How to Create a Philodendron Basil Pole?

Everybody loves a Philodendron Basil pole. And everybody can make one themselves. Here’s what you’ll need:

A 4-5 feet long bamboo or wooden pole having a diameter of at least ¾ inch

Half a yard of natural burlap

A pencil

A ruler or tape measure

A pair of scissors. 

Glue gun

A length of wire or twine

Use the ruler and pencil to make a mark on the pole, 7-8 inches from the bottom. This 7-8 inch length will end up under the soil surface to secure the pole within the pot. Next, wrap the burlap tightly around the pole, leaving the bottom 7-8 inches exposed. Use the glue gun to glue the burlap’s edges around the pole.

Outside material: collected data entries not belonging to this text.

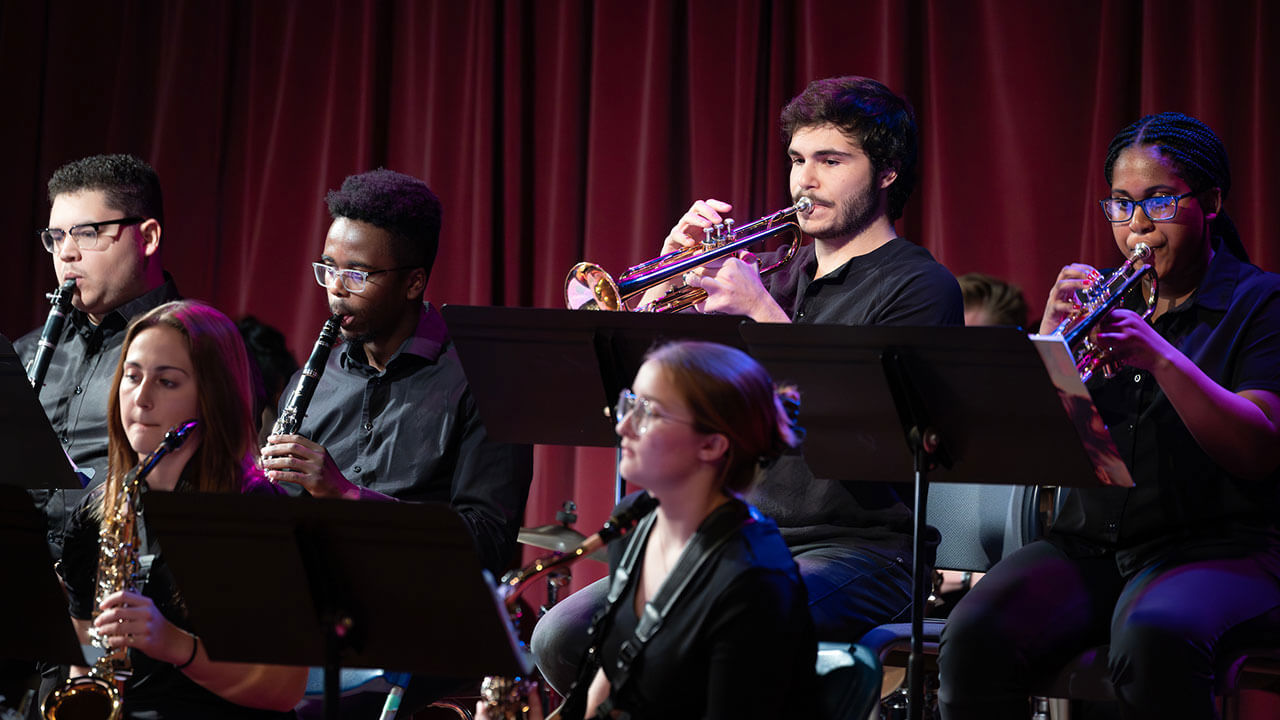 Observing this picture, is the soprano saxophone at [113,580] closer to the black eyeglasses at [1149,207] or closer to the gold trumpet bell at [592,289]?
the gold trumpet bell at [592,289]

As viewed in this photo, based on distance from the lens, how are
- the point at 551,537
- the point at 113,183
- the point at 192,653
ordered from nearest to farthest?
1. the point at 192,653
2. the point at 551,537
3. the point at 113,183

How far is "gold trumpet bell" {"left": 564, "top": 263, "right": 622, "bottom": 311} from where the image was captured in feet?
11.2

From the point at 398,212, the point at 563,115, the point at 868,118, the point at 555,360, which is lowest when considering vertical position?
the point at 555,360

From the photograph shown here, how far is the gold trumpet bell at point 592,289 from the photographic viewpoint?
135 inches

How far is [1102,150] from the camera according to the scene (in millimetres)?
4465

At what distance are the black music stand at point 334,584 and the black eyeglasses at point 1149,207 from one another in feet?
5.86

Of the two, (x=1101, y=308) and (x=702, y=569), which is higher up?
(x=1101, y=308)

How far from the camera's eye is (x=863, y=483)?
325 centimetres

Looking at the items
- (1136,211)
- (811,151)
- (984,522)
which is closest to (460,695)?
(984,522)

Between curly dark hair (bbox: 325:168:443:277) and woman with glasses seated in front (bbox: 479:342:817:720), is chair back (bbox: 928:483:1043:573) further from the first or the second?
curly dark hair (bbox: 325:168:443:277)

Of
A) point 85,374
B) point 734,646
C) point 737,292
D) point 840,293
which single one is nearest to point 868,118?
point 840,293

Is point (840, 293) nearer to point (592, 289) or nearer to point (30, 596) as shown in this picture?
point (592, 289)

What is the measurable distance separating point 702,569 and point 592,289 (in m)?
1.28

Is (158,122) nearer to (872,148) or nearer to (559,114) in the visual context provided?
(559,114) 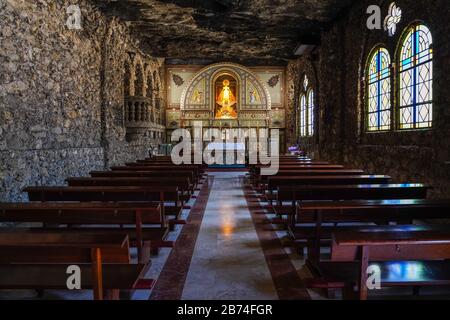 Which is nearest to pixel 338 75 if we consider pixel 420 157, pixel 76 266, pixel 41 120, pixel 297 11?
pixel 297 11

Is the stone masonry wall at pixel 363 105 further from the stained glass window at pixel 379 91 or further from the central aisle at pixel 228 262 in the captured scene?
the central aisle at pixel 228 262

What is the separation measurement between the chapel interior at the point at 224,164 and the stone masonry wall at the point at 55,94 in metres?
0.05

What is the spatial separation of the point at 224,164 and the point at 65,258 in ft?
46.7

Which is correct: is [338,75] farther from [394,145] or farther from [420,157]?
[420,157]

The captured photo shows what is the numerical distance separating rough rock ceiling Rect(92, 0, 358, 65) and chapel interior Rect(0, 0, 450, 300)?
3.5 inches

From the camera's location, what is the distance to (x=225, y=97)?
20.6 meters

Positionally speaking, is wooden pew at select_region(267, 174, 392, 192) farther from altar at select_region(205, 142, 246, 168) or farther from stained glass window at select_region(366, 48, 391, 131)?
altar at select_region(205, 142, 246, 168)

Wrap a wire or twine in a downward spiral around the pole. Start at an inch from the top and space the spirals 1-1.5 inches apart. Stop an inch from the bottom. Then tie a knot to secure the wire or twine around the pole. 

Carefully push the pole down into the pot so it stands upright. It’s now time to wrap your plant around the pole. Avoid wrapping the plant too close to the pole. Once you’re satisfied with how the plant looks, use a piece of wire to tie the end of the vine to the pole.

If you’re growing Philodendron plants in the right spot and conditions, they won’t require much after care. Just make sure to keep an eye out for common pests. Deal with them proactively and your Philodendrons will continue to beautify your place for years to follow.